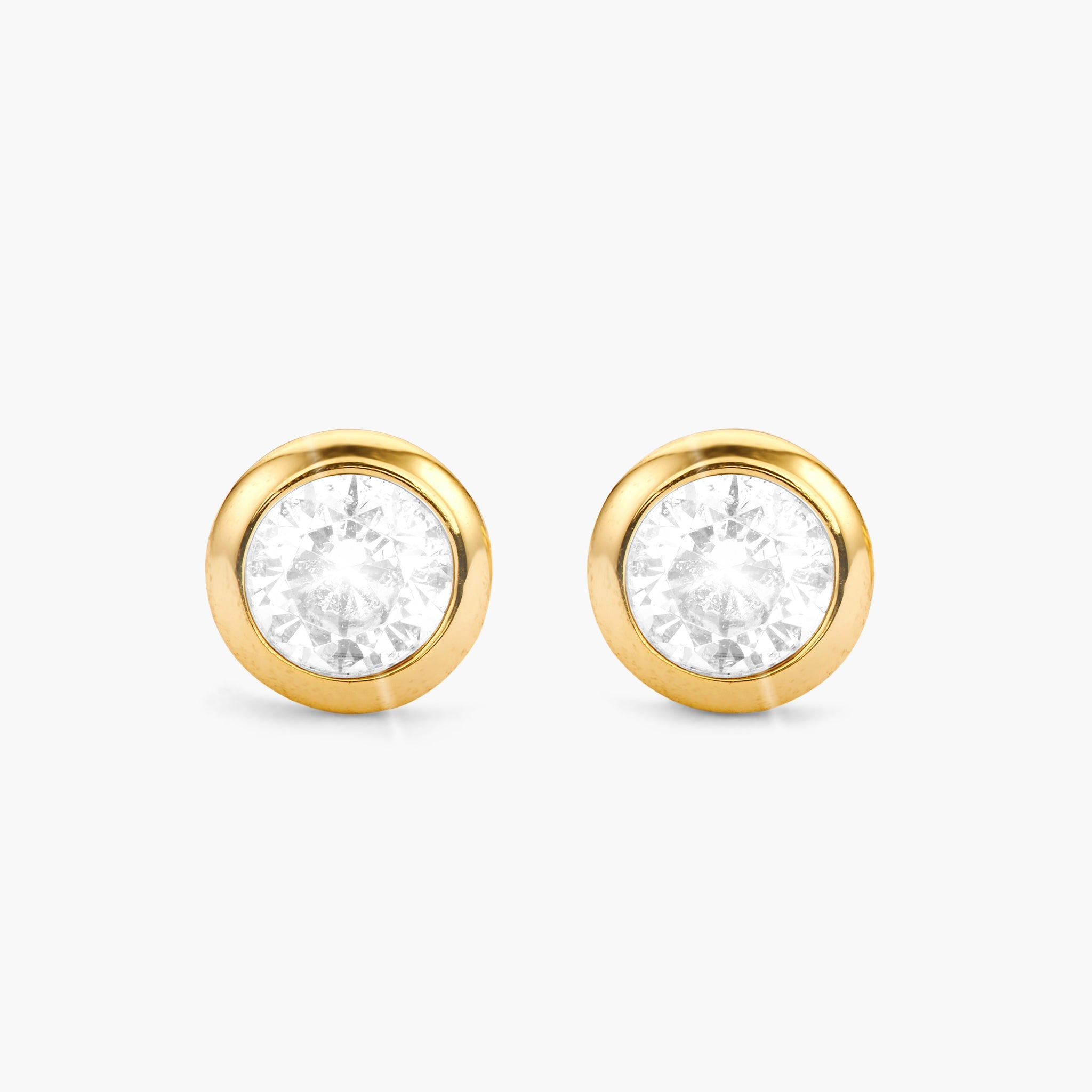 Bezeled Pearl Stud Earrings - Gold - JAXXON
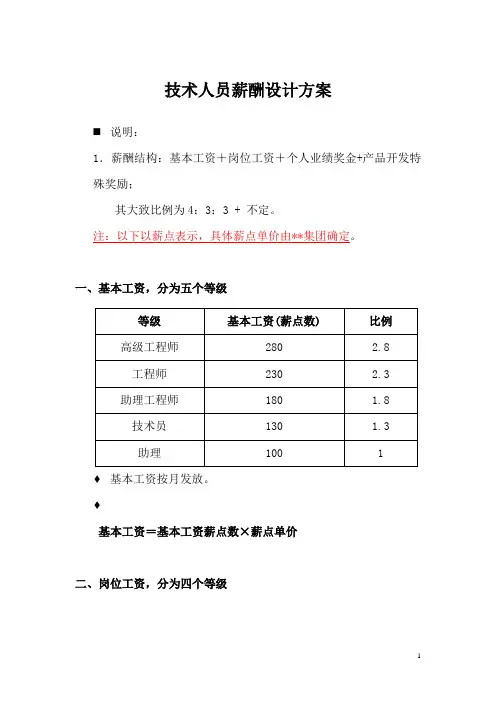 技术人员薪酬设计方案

...

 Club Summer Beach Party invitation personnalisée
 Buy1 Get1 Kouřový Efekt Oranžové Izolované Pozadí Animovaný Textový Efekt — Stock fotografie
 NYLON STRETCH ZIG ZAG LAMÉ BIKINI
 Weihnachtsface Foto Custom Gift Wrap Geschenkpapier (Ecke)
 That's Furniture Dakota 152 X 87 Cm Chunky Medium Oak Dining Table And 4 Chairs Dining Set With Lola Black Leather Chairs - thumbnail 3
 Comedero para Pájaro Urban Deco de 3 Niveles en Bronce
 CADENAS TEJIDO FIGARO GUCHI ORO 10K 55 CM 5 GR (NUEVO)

■ **WHAT YOU SHOULD DO**: Please return only the lines above, starting at the line that has "That's Furniture Dakota" and ending at the line that has "CADENAS TEJIDO FIGARO", keeping both and leaving each one unchanged.

■ **RESULT**:
 That's Furniture Dakota 152 X 87 Cm Chunky Medium Oak Dining Table And 4 Chairs Dining Set With Lola Black Leather Chairs - thumbnail 3
 Comedero para Pájaro Urban Deco de 3 Niveles en Bronce
 CADENAS TEJIDO FIGARO GUCHI ORO 10K 55 CM 5 GR (NUEVO)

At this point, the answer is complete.